GdP
- Founded: 14 September 1950
- Headquarters: Berlin, Germany
- Location: Germany;
- Members: 181,000
- Key people: Oliver Malchow
- Affiliations: DGB
- Website: www.gdp.de

= Gewerkschaft der Polizei =

German trade union

The Gewerkschaft der Polizei (GdP; Trade Union of the Police) is a trade union in Germany. It represents 181,000 police employees, and is one of eight industrial affiliations of the German Confederation of Trade Unions (DGB). The GdP is one of the three trade unions for police employees in Germany, the other two being the Deutsche Polizeigewerkschaft - affiliated with the German Civil Service Federation - and the Bund Deutscher Kriminalbeamter, which is exclusively for members of the Kriminalpolizei.

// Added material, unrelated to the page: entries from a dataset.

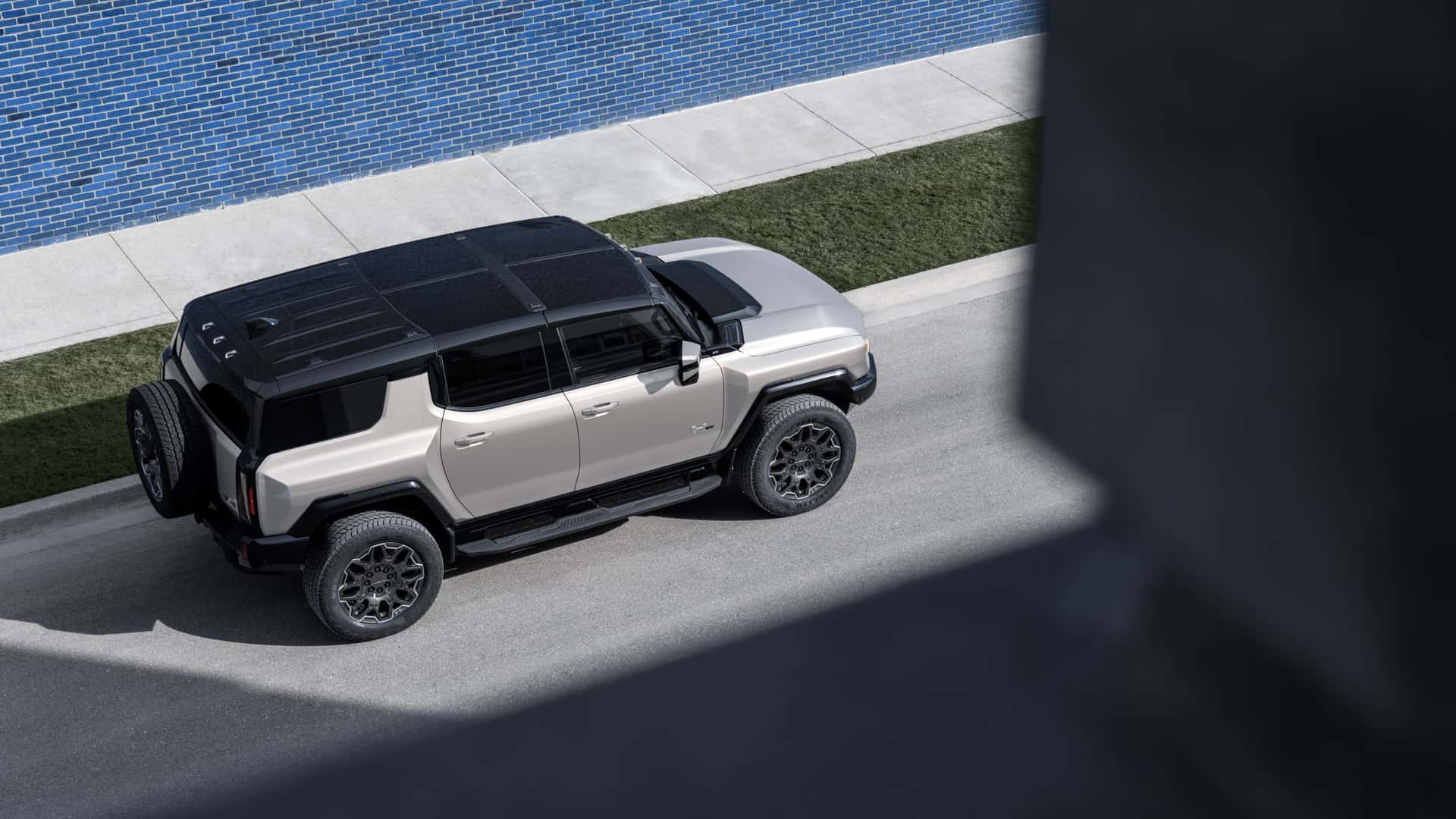 2026-GMC-HUMMER-EV-SUV-in-Granite-Drift-exterior-color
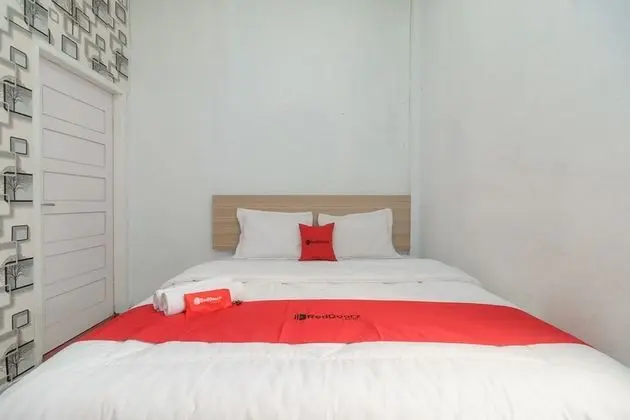 Tek Büyük Yataklı Oda (RedDoorz)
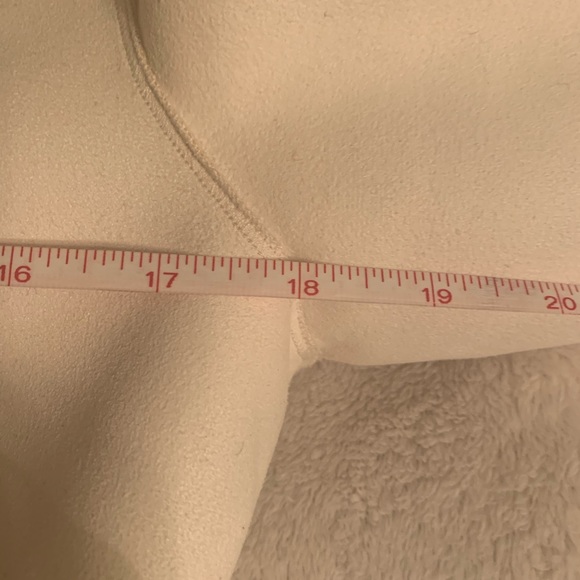 White House/Black Market - Picture 8 of 8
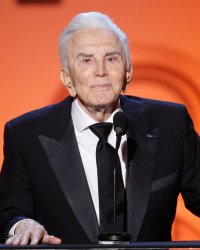 Kirk Douglas a 100 ans : retour sur sa carrière en 5 rôles culte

The Trade Union of the Police was founded on a federal level on 14 September 1950 in Hamburg. It emerged from the Interessengemeinschaft der Polizeibeamtenbunde (Pool of Police Officer Federations), which had existed in the British occupation zone and West Berlin to that point. It joined the German Confederation of Trade Unions on 1 April 1978. On a European level, the GdP was part of the European Confederation of Police (EuroCOP).
The GdP resigned its EuroCOP Membership in 2016, after some differences about the GdP Leadership Personnel.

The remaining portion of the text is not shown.